Sure, formal verification might give stronger guarantees about various levels of the stack, but I don’t think most of us care about having such strong guarantees now and I don’t think AI really introduces a need for new guarantees at that level.

pron · 2 months ago
> to me it seems like high-level programming languages are already close to a specification language

They are not. The power of rich and succinct specification languages (like TLA+) comes from the ability to succinctly express things that cannot be efficiently computed, or at all. That is because a description of what a program does is necessarily at a higher level of abstraction than the program (i.e. there are many possible programs or even magical oracles that can do what a program does).

To give a contrived example, let's say you want to state that a particular computation terminates. To do it in a clear and concise manner, you want to express the property of termination (and prove that the computation satisfies it), but that property is not, itself, computable. There are some ways around it, but as a rule, a specification language is more convenient when it can describe things that cannot be executed.

nyrikki · 2 months ago
TLA+ is not a silver bullet, and like all temporal logic, has constraints.

You really have to be able to reduce your models to: “at some point in the future, this will happen," or "it will always be true from now on”

Have probabilistic outcomes? Or even floats [0] and it becomes challenging and strings are a mess.

> Note there is not a float type. Floats have complex semantics that are extremely hard to represent. Usually you can abstract them out, but if you absolutely need floats then TLA+ is the wrong tool for the job.

TLA+ works for the problems it is suitable for, try and extend past that and it simply fails.

[0] https://learntla.com/core/operators.html

eru · 2 months ago
What you said certainly works, but I'm not sure computability is actually the biggest issue here?

Have a look at how SAT solvers or Mixed Integer Linear Programming solvers are used.

There you specify a clear goal (with your code), and then you let the solvers run. You can, but you don't need to, let the solvers run all the way to optimality. And the solvers are also allowed to use all kinds of heuristics to find their answers, but that doesn't impact the statement of your objective.

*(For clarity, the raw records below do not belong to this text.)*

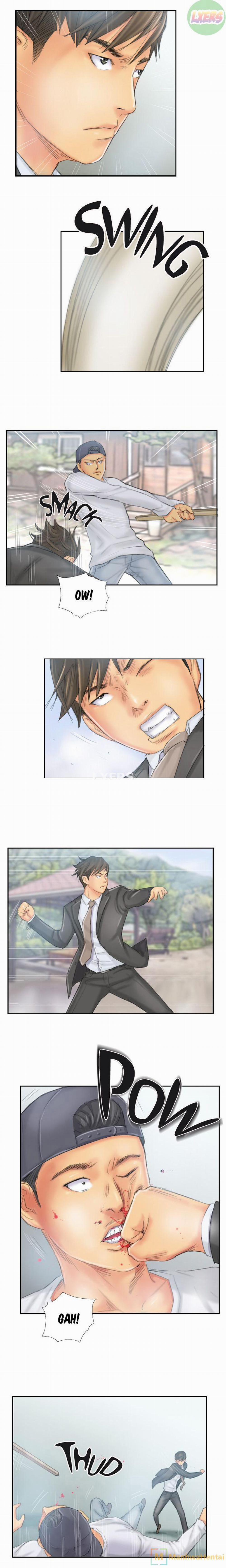 Khuôn Mặt Mới 36 trang 6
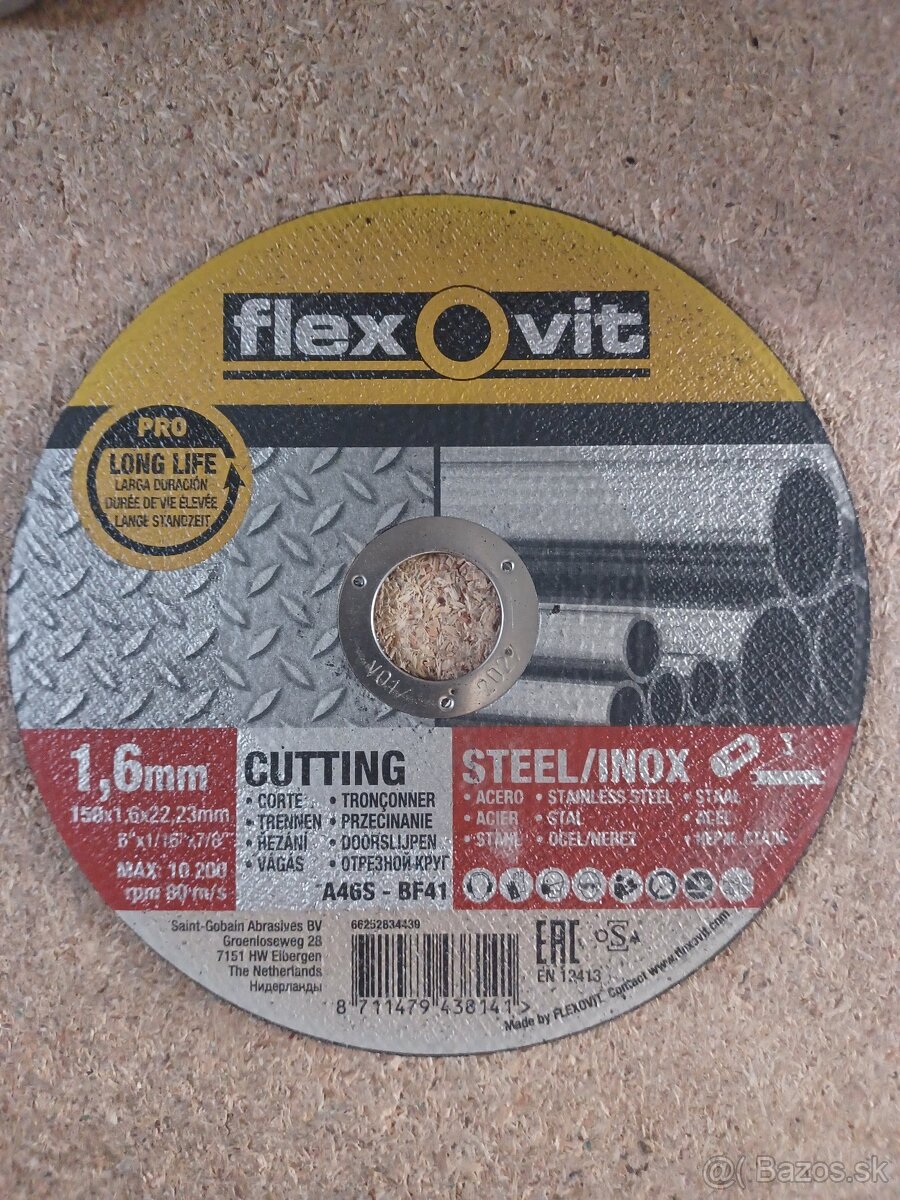 Predam rezne,brúsne a lamelove kotuče - 3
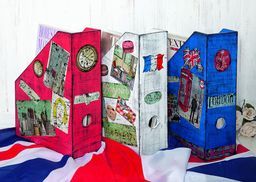 Individuelle Bemalung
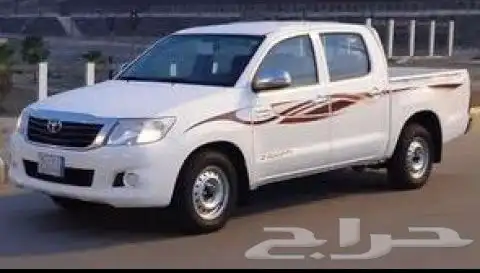 هايلوكس 2015 توصيل مشاوير وعفوش 0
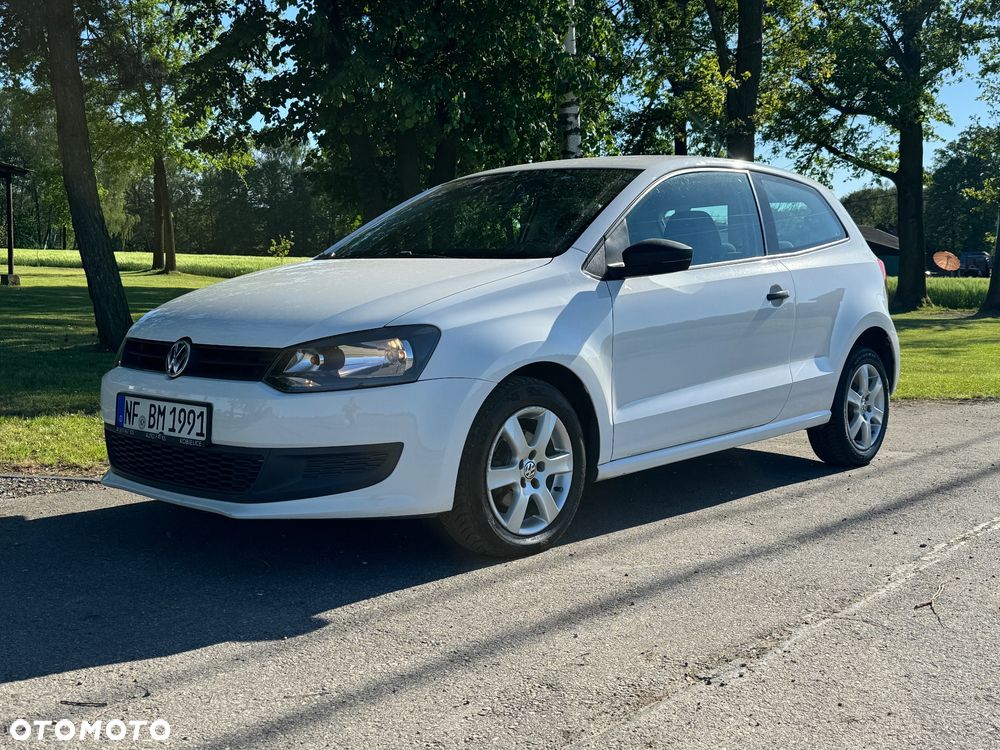 Volkswagen Polo 1.2 Trendline - 1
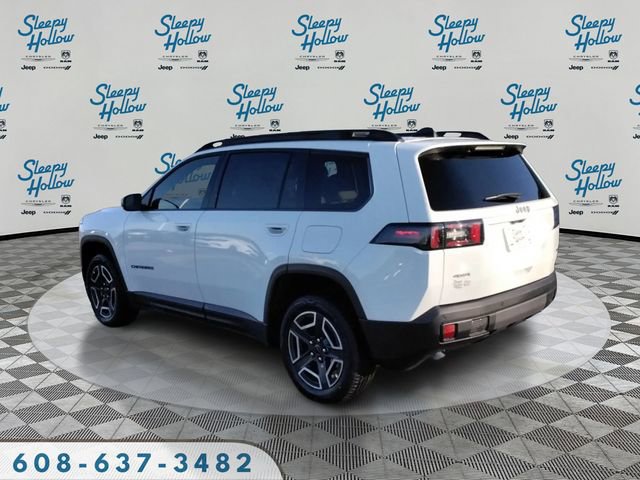 New 2026 Jeep Cherokee Limited image 7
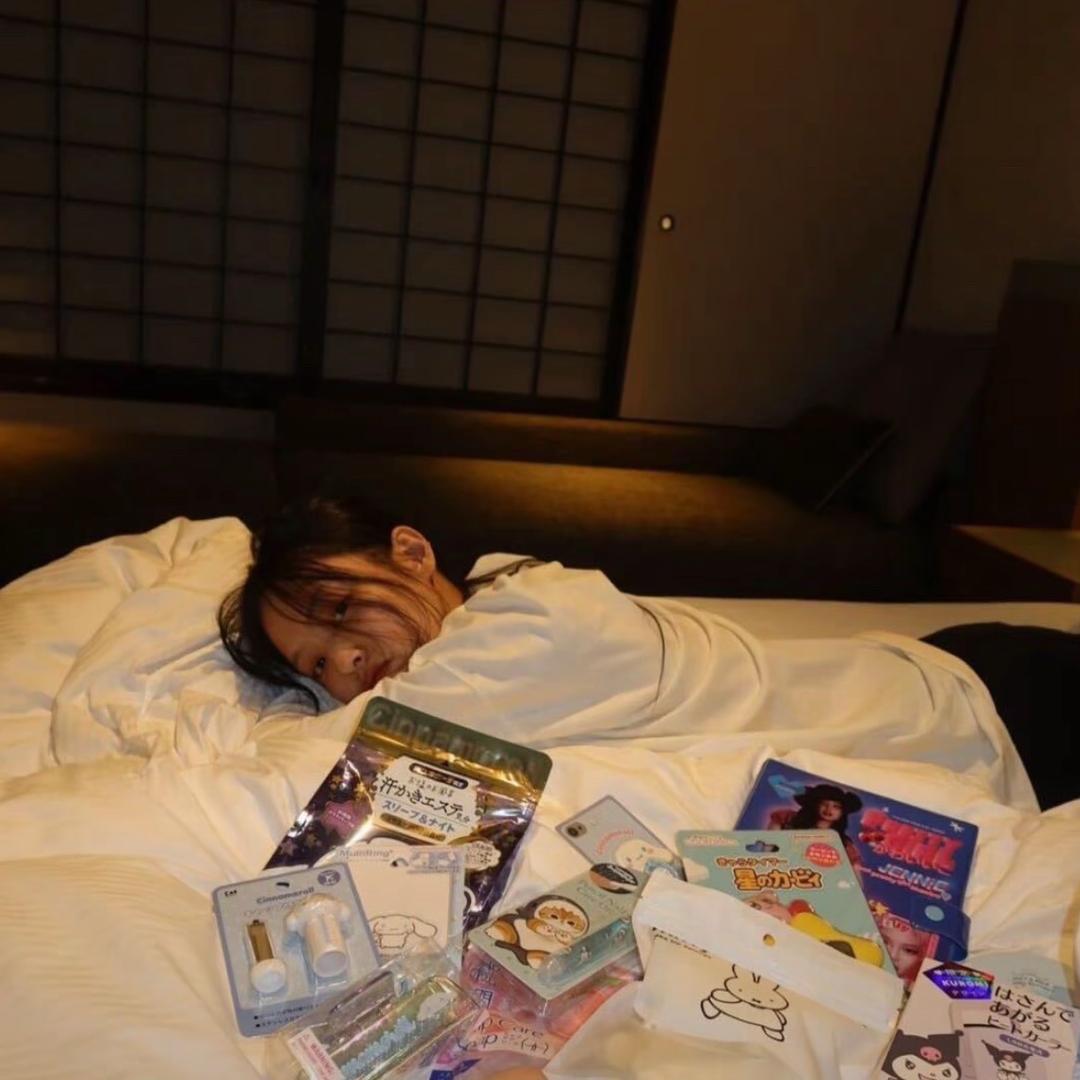 吃啥呢给我来一口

Compare that to how many people write code without solvers: the objective of what your code is trying to achieve is seldom clearly spelled out, and is instead mixed up with the how-to-compute bits, including all the compromises and heuristics you make to get a reasonable runtime or to accommodate some changes in the spec your boss asked for at the last minute.

Using a solver ain't formal verification, but it shows the same separation between spec and implementation.

Another benefit of formal verification, that you already imply: your formal verification doesn't have to determine the behaviour of your software, and you can have multiple specs simultaneously. But you can only have a single implementation active at a time (even if you use a high level implementation language.)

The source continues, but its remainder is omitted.